C’est un petit peu flou.

J’avais presque 7 ans.

Flou mais j’ai quelques flashs.

Nous habitions le quartier latin depuis janvier 1967.

Un peu plus d’un an.

Nous étions donc en mai 68 en plein quartier latin.

J’aimais aller à l’école parce que le matin on voyait les voitures qui avaient été retournées pendant la nuit avec un drôle de toit enfoncé.

Et puis celles qui avaient brûlé. Toujours d’une couleur noire et orange.

Et puis à l’école on jouait tout le temps aux étudiants et aux CRS.

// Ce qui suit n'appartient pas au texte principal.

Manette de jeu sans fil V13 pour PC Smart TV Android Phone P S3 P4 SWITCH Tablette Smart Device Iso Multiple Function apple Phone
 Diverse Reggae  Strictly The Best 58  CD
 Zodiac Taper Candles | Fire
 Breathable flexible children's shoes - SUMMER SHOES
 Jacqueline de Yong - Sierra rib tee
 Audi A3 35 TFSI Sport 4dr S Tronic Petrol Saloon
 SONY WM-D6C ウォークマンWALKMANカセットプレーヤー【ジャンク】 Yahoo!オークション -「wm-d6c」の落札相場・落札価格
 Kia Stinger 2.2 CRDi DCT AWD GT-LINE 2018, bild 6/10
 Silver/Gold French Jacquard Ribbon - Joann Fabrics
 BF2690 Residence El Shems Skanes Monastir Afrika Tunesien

Malgré l’interdiction, je descendais souvent dans la rue pour guetter les manifestations.

Et puis dès que ça bougeait, on prévenait tous les habitants de l’immeuble pour qu’ils rentrent leurs voitures. Il n’y avait pas de parking et les voitures s’entassaient dans les cours et le jardin.

Une nuit, mon frère m’a réveillé. Il y avait un vacarme fou. La lumière n’était pas régulière. Il m’a dit « On est tout seuls. Papa et maman ne sont pas là ».

Il avait beau avoir 3 ans de plus que moi, c’était un grand trouillard.

Donc, nous sommes sortis sur le pallier. Il y avait plein de monde.

Des blessés. Il fallait passer entre les gens pour descendre.

« Ils doivent être en train de manifester! »

Je voulais sortir mais mon frère ne voulait pas. La porte sur la rue s’est ouverte.

Des blessés sont entrés. Derrière, je revois les flammes et les gens courir dans tous les sens. Je me souviens que nous avons du être attrapés par une voisine.

Je me revois bien chez elle avec mes parents venant nous récupérer.

J’étais fier. Ils avaient un foulard sur le nez et la bouche, comme les cow-boys.

Et puis des brassards de la croix rouge. Une infirmerie avait été installée dans l’immeuble.

Le lendemain sans doute, ma mère nous accompagne à l’école.

Il n’y avait personne. Plus de rue. Des barricades qui fumaient.

Et l’odeur de lacrymogènes qui piquait le nez et les yeux.

L’école était fermée. Nous avons été expédiés dans l’Allier.

Ça devenait compliqué à Paris.

Mais nous avons un peu vécu ce qui allait changer les 20 prochaines années.